Only the lines from the one that includes "Sommerreifen continental contivancontact200" through the last line below belong in the reply, copied exactly and without pictures.

- - -

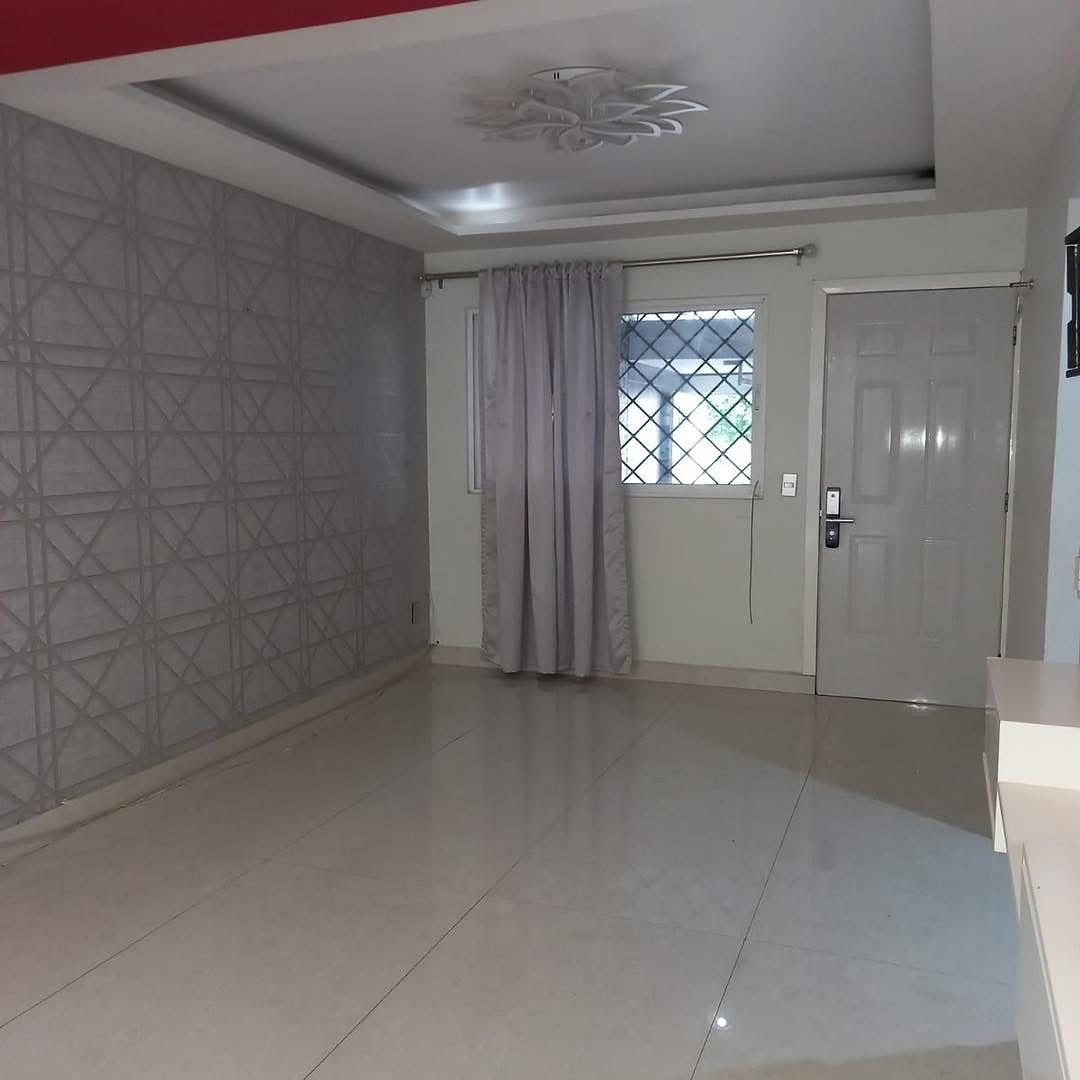 Casa en Las Arboledas, Tuxtla Gutiérrez, foto 3 de 10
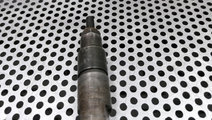 Injector Volkswagen Polo 6N 1.9 SDI ASX 1999 OEM 0...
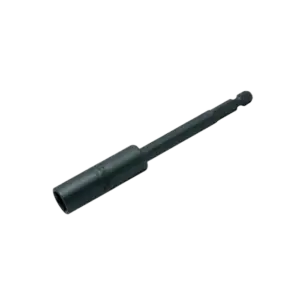 bl037223 tay noi lien khau 115g10012 12mm koken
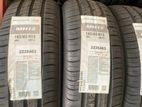 185/65R15 mashal Tyre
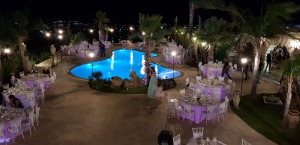 VILLA ALLIATA CARDILLO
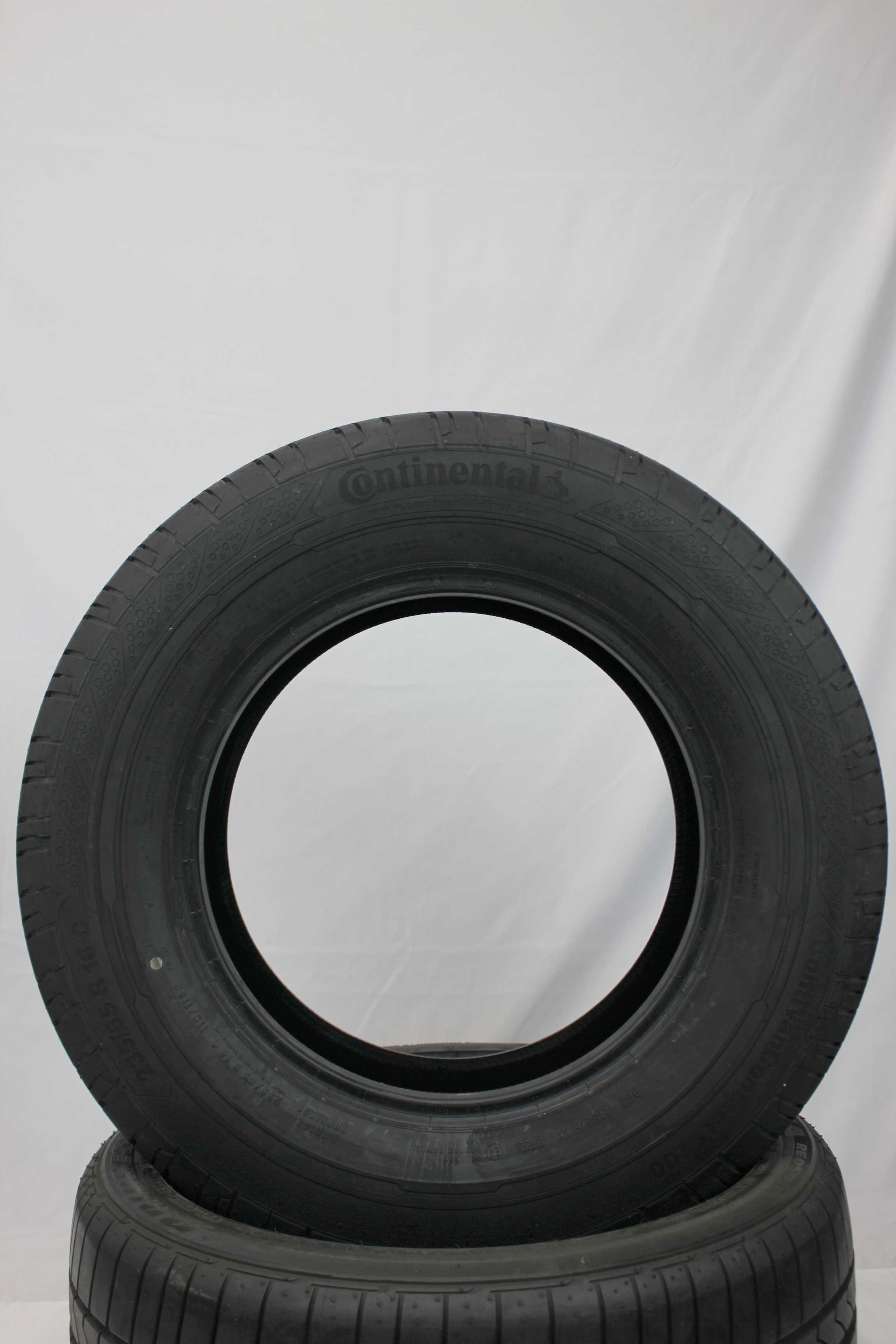Sommerreifen continental contivancontact200 235 65 r16c 115 113r (32)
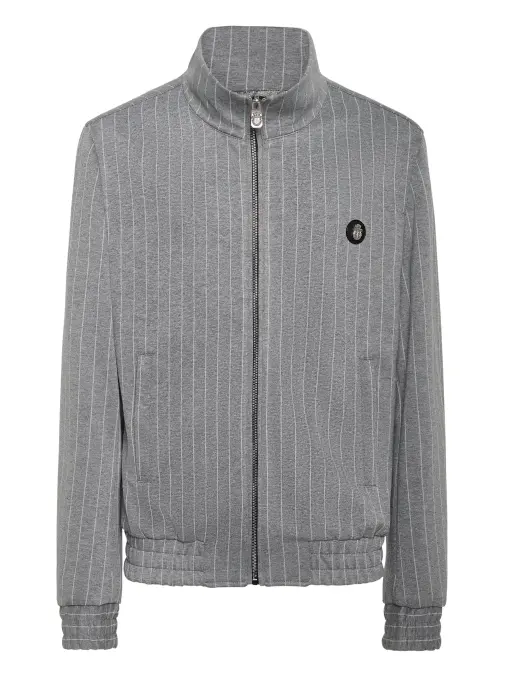 Куртка BILLIONAIRE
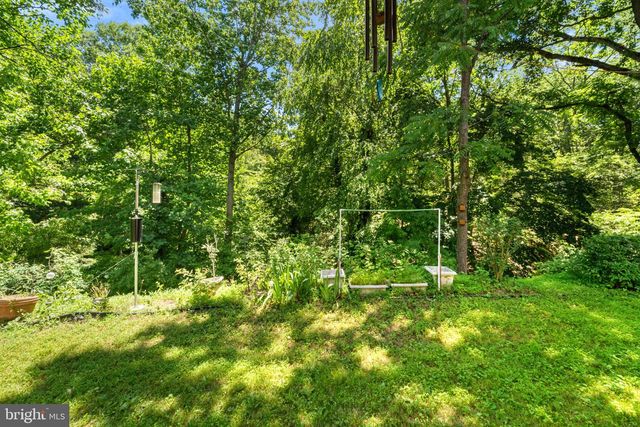 19 GLOUCESTER CT, Mount Holly, NJ 08060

- - -

→ SOLUTION FOR THIS EXERCISE:
Sommerreifen continental contivancontact200 235 65 r16c 115 113r (32)
 Куртка BILLIONAIRE
 19 GLOUCESTER CT, Mount Holly, NJ 08060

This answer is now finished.